Dollhouse, her recently released second EP, is one step towards achieving that end. It's a four-track project with a dark-pop sound, where she sings about experiences that she might not have personally gone through, but which she's seen others around her deal with. Iyer tells us, "I would like to call myself the sort of songwriter who likes to write about things that are foreign to her. I want to live other people's lives vicariously. I haven't ever been in an abusive relationship [one of the themes in the EP]. But I have a friend who is in one, and this EP is an ode to her and people like her. I wanted to get in touch with what they feel."
Sonically speaking, the singer, who is trained in opera by a private teacher, fell back on her music education to give the tracks a certain emotive quality. Opera, she says, has taught her how to sing powerfully without hurting her voice. "It's taught me how to sound soft and yet powerful and emotive at the same time. In terms of Dollhouse, the music relies heavily on emotions, and there are times when I wanted to sound loud in terms of my voice without it being overbearing."
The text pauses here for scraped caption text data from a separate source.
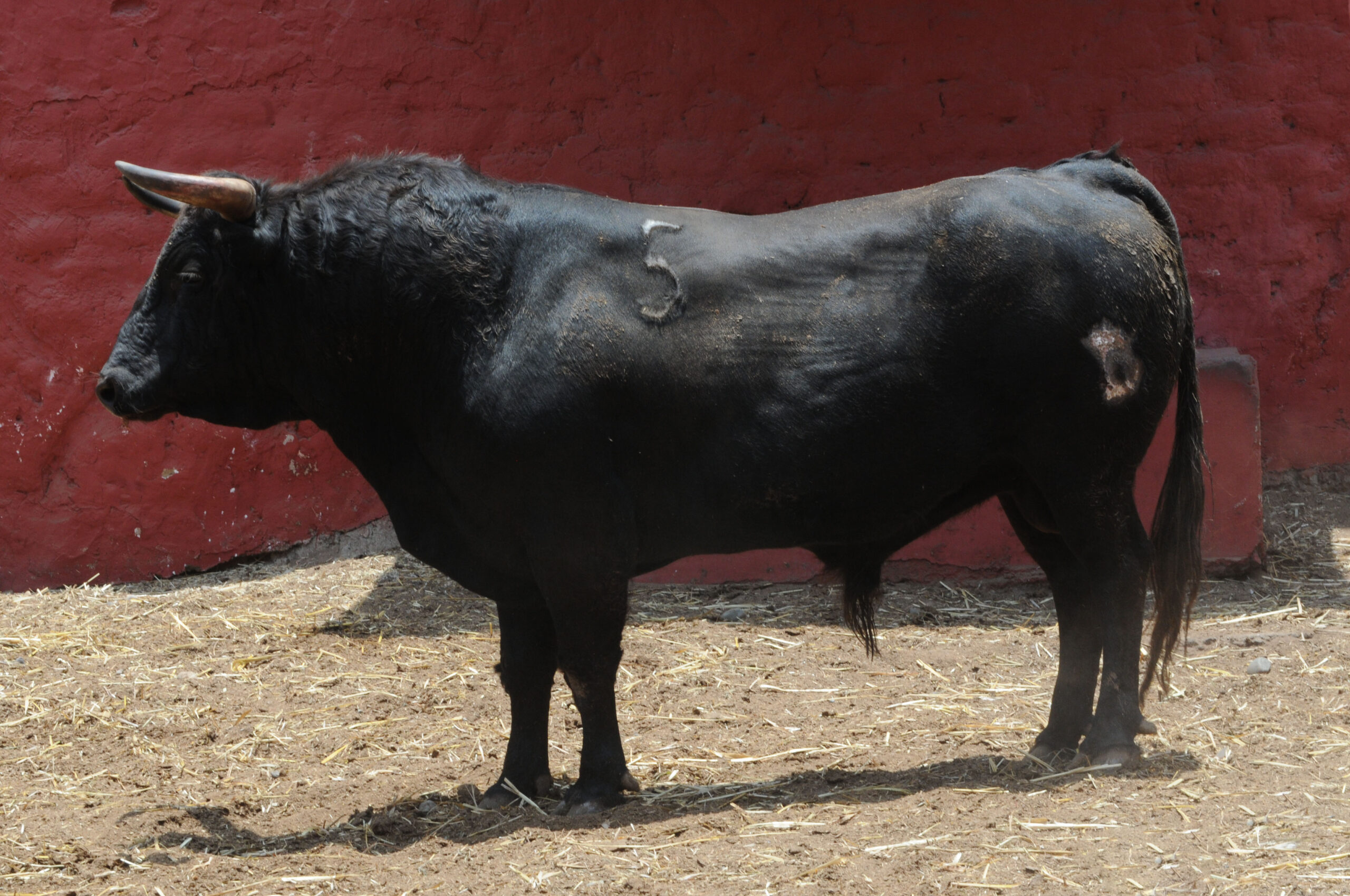 Toros de La Viña para la 1ª de la Feria del Señor de los Milagros de Lima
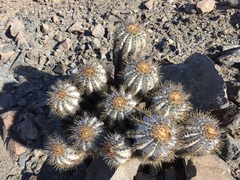 Copiapoa atacamensis
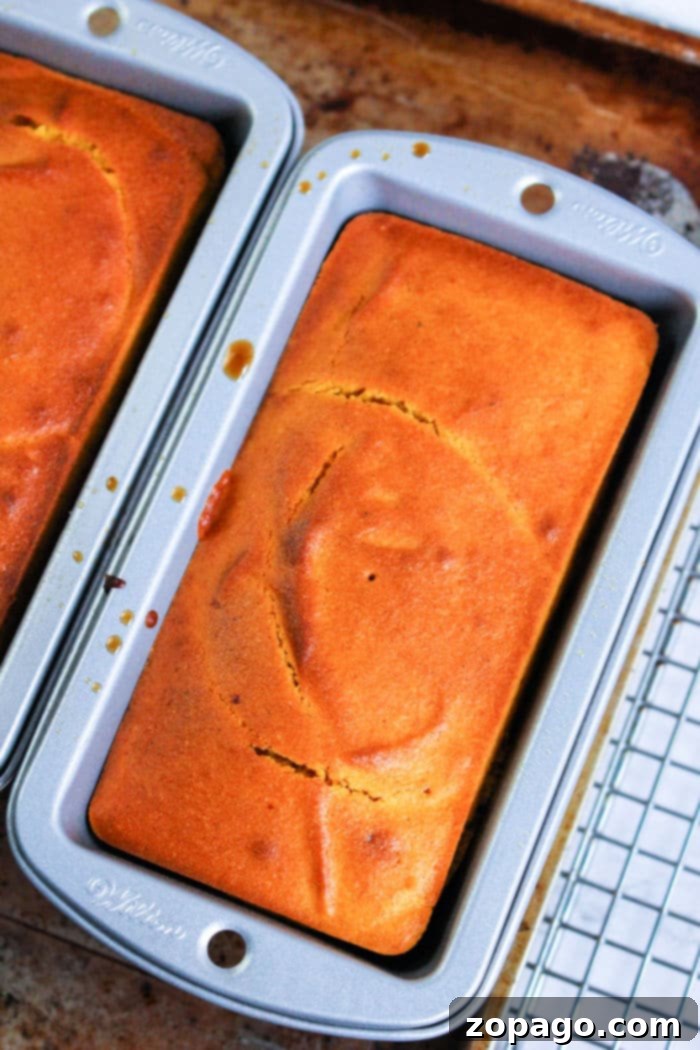 Golden Air Fryer Pumpkin Bread 2 Air Fryer Pumpkin Bread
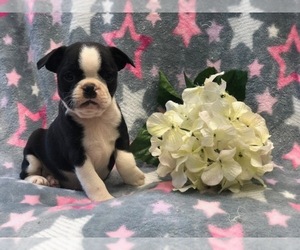 Boston Terrier Puppy for sale in LAKELAND, FL, USA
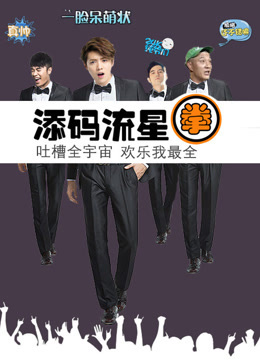 添码流星拳_高清全集在线观看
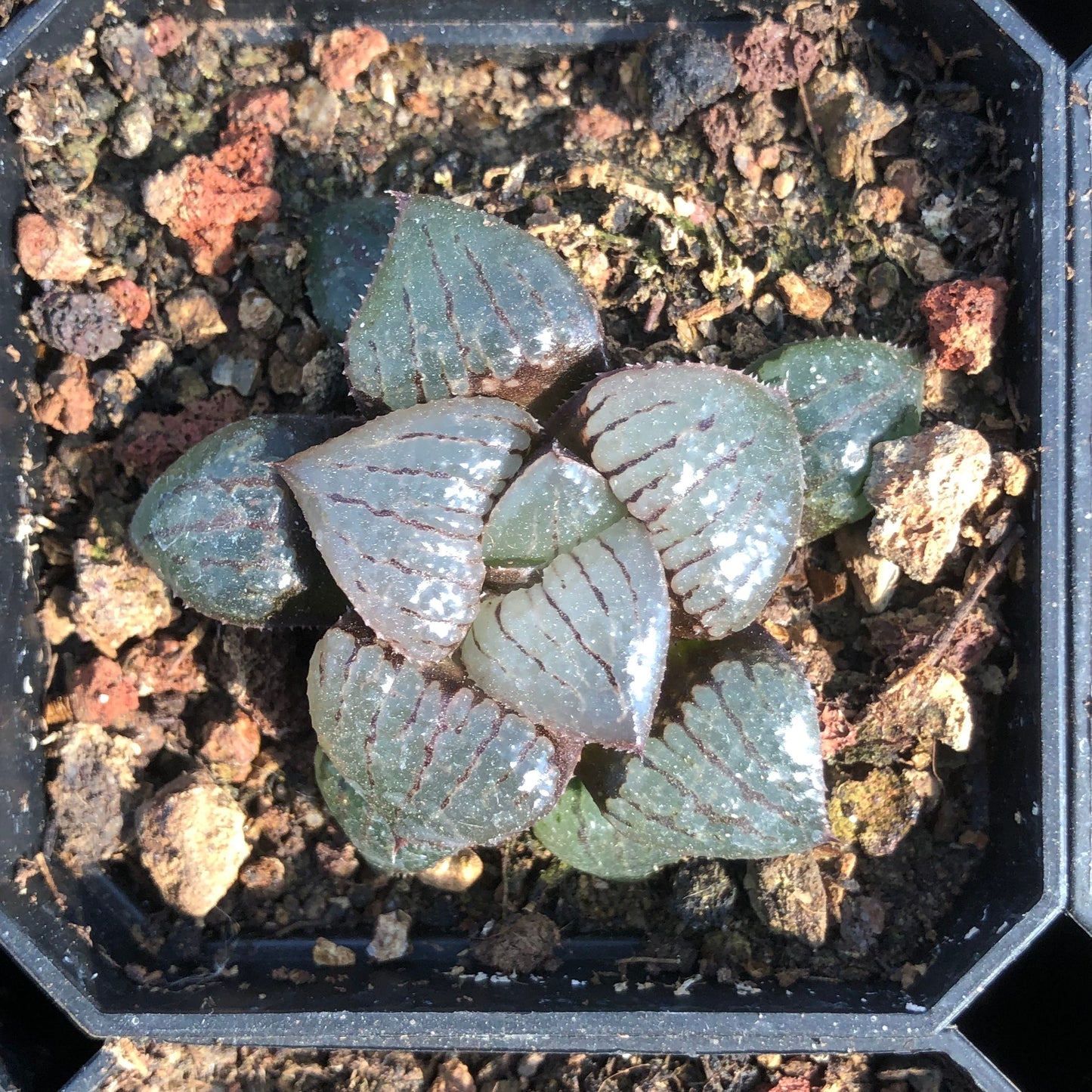 20896 Haworthia Cantaloupe Island (3cm pot size)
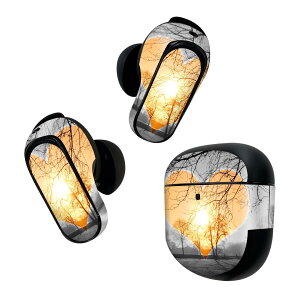 Bose QuietComfort Earbuds II �p �X�L���V�[�� �{�[�Y �C���o�b�Y2 �p�@�X�e�b�J�[�@�{��3�Z�b�g �P�[�X1�Z�b�g �ی� �t�B���� �f�R �؁@�n�[�g�@ 025863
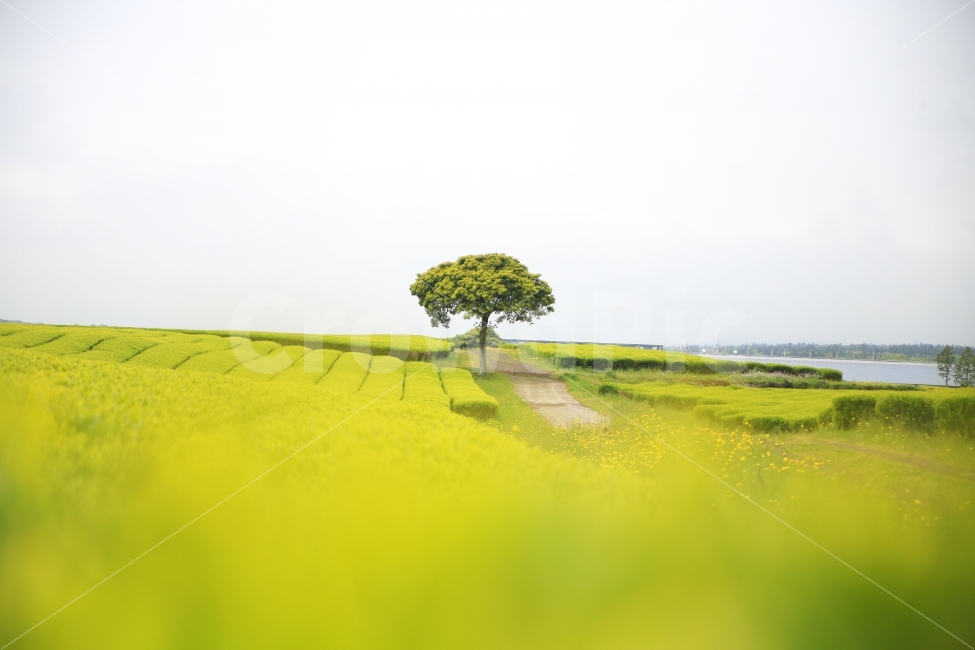 제주,오설록,풍경,녹차,나무,식물,관광지,제주풍경,풍경사진,녹차밭,녹차박물관,jeju,동광리,녹색,자연,풍경,nature,landscape,휴식,힐링,rest,relaxation,healing,제주도,jeju,jeju island,tree,plant,oak,오크,경치,outdoors,옥외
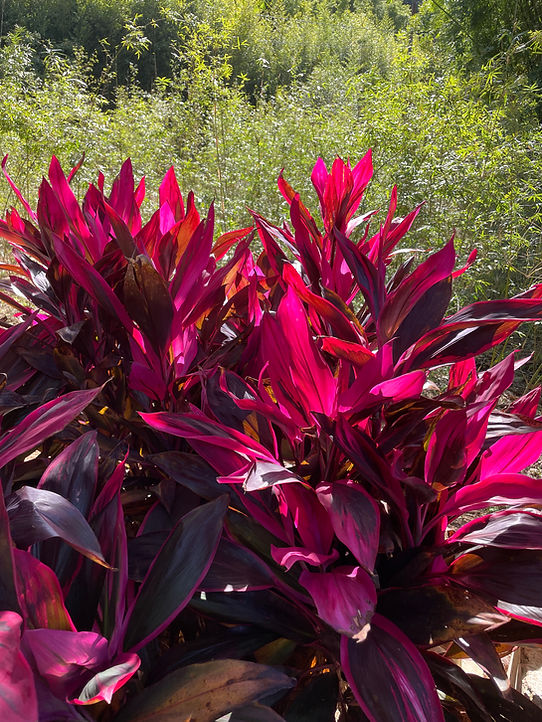 diferença dracena cordyline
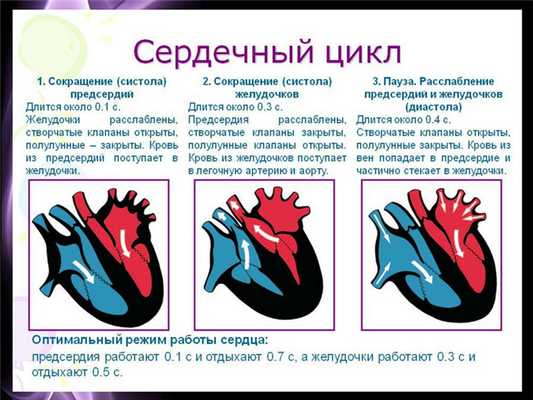 Сердечный цикл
The Mumbai-based high school student adds that balancing her studies and music can be a bit of a task at times. She follows an international curriculum that is extremely demanding, but she writes tunes and sings whenever she finds the time to stay in touch with her music. These tunes are not necessarily meant to see the light of day in an album or EP. "I sometimes write music as a pastime and don't plan to show anyone these songs," she says, adding, however, that she is currently already working on her third EP which she plans to release in a couple of months. That's a pretty fast turn-around period for a musician who is still in her teens, but then again, Iyer has decided to dedicate her life to the craft and she's already going full steam ahead to realise her dream.